** Work request **
Begin at the line where "Prestige Music" appears and reproduce exactly every line through the end of the data below, both included, skipping pictures.

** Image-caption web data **
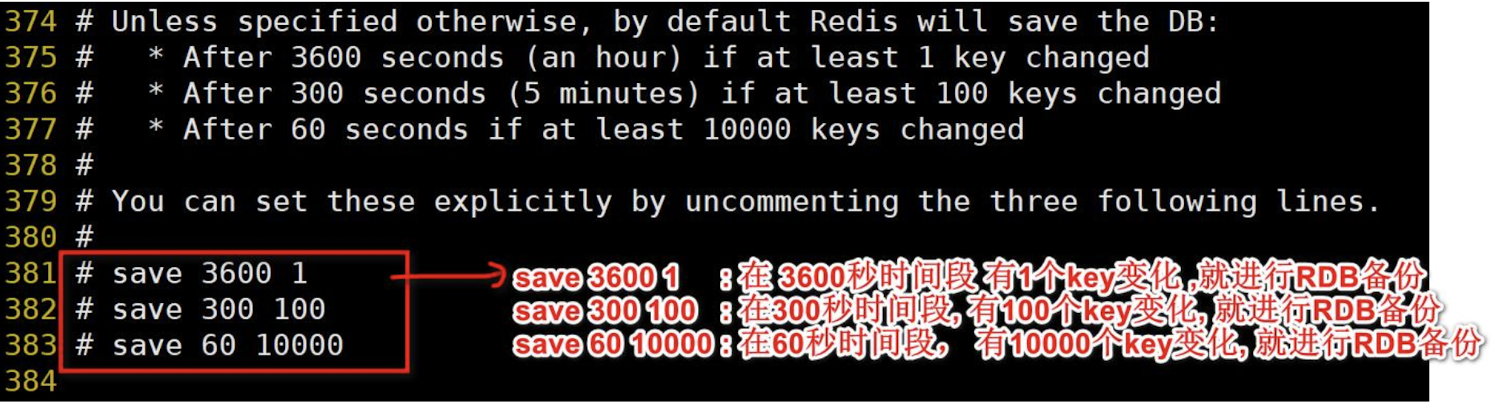image-20230729095330539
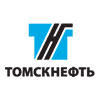 ТомскНефть ВНК, ОАО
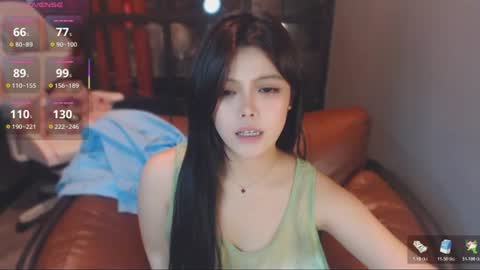 Aki  online show from 07.01.26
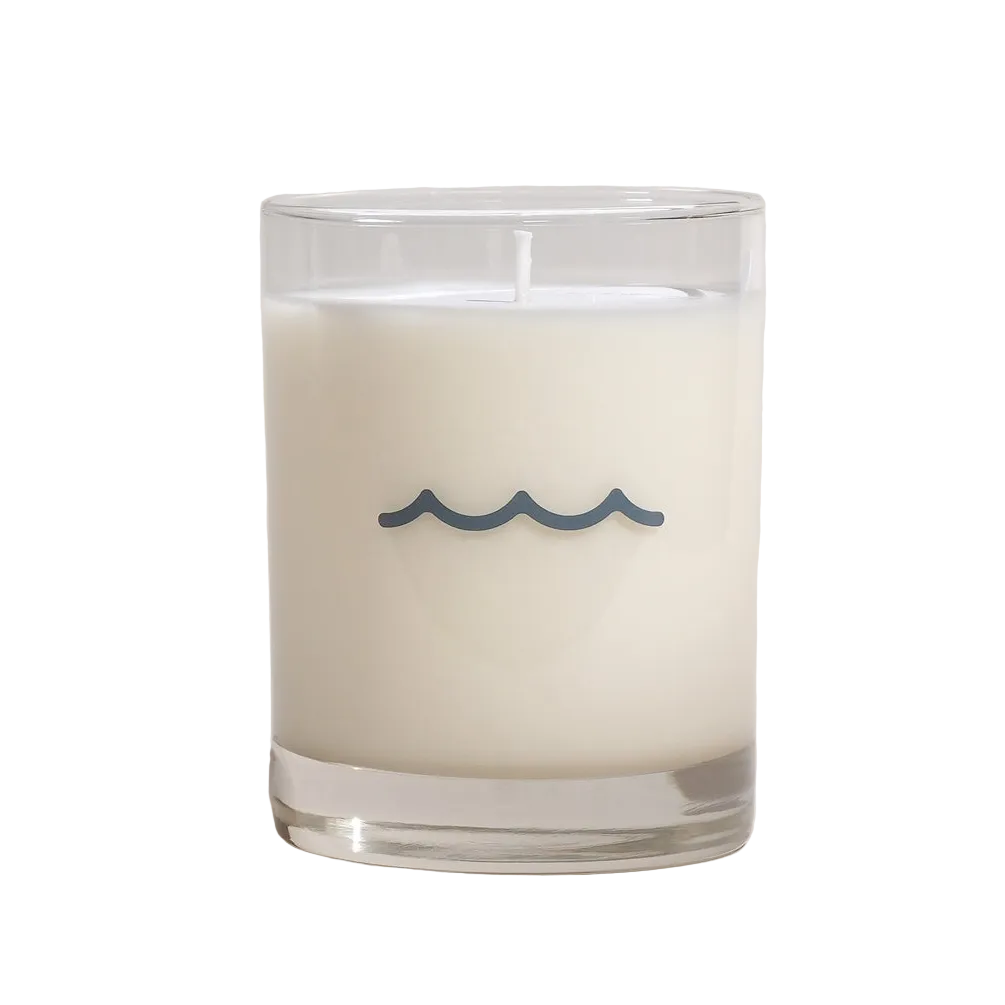 Daydream Soy Candle - Freshie & Zero Studio Shop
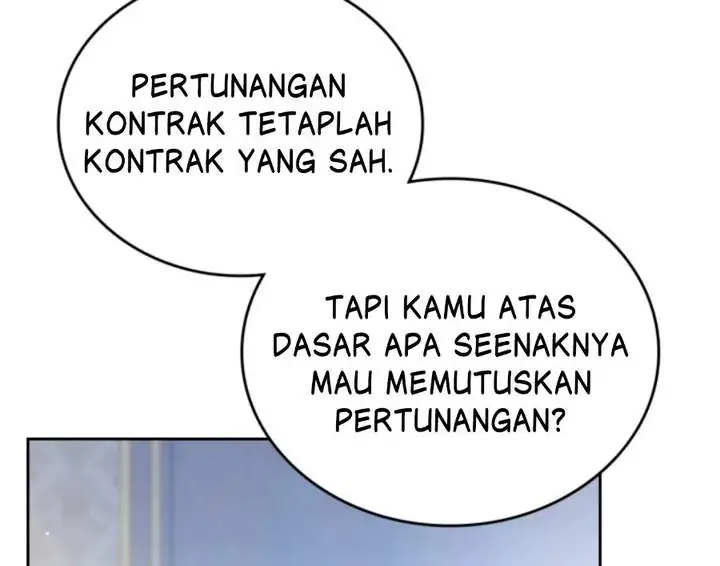 image-komik-i-shall-master-this-family-chapter-190-124/202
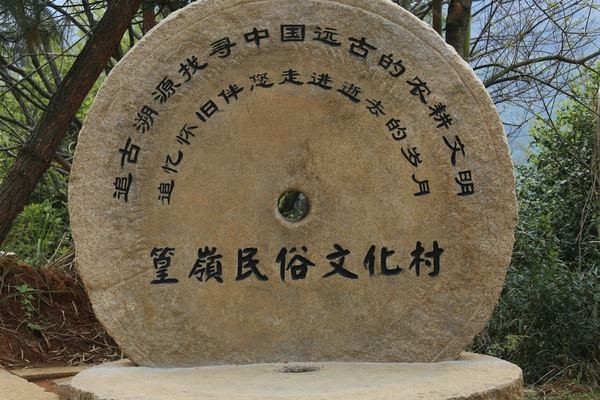 点击放大
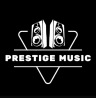 Prestige Music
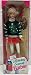 Barbie 1996 Holiday Season Doll Special Edition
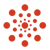 Uniwebb Software Logotype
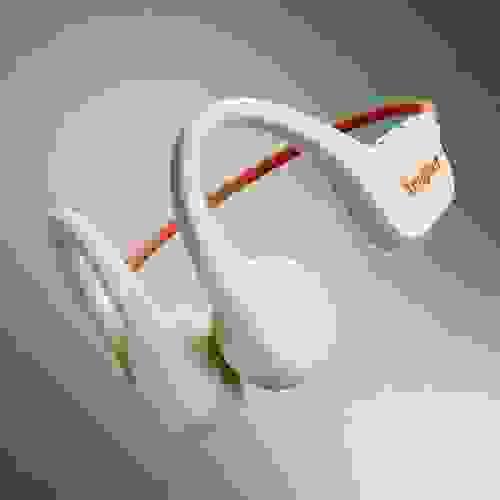 Synapser 腦頻導引機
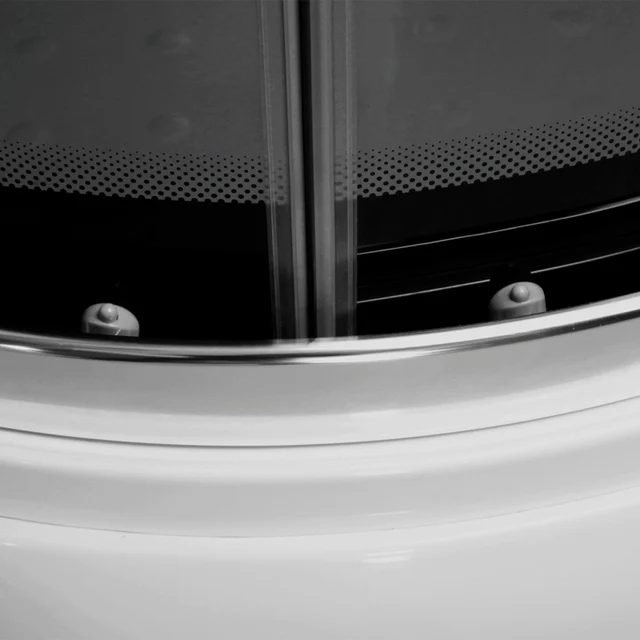 Modern Simple Men Shower Room From Chinese Manufactory Buy Men Shower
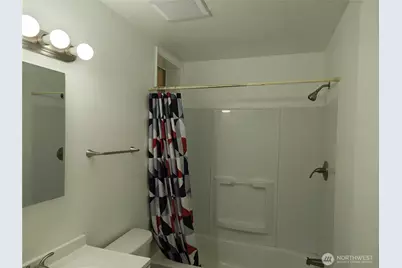 205 March Street NE, Moses Lake, WA 98837 - Photo 17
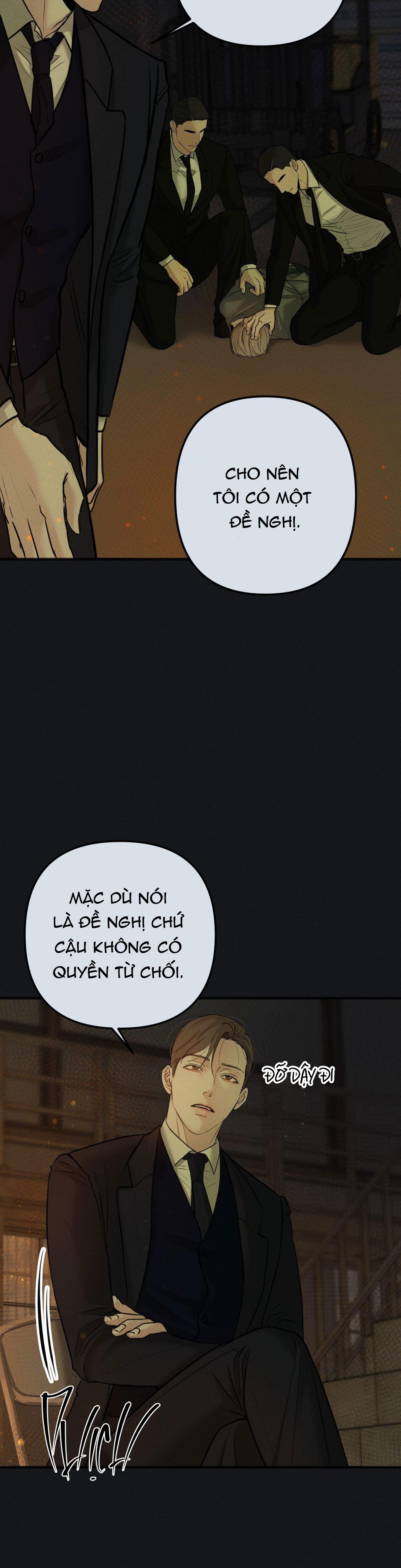 cry me a river chapter 1 15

** Exercise result **
 Prestige Music
 Barbie 1996 Holiday Season Doll Special Edition
 Uniwebb Software Logotype
 Synapser 腦頻導引機
 Modern Simple Men Shower Room From Chinese Manufactory Buy Men Shower
 205 March Street NE, Moses Lake, WA 98837 - Photo 17
 cry me a river chapter 1 15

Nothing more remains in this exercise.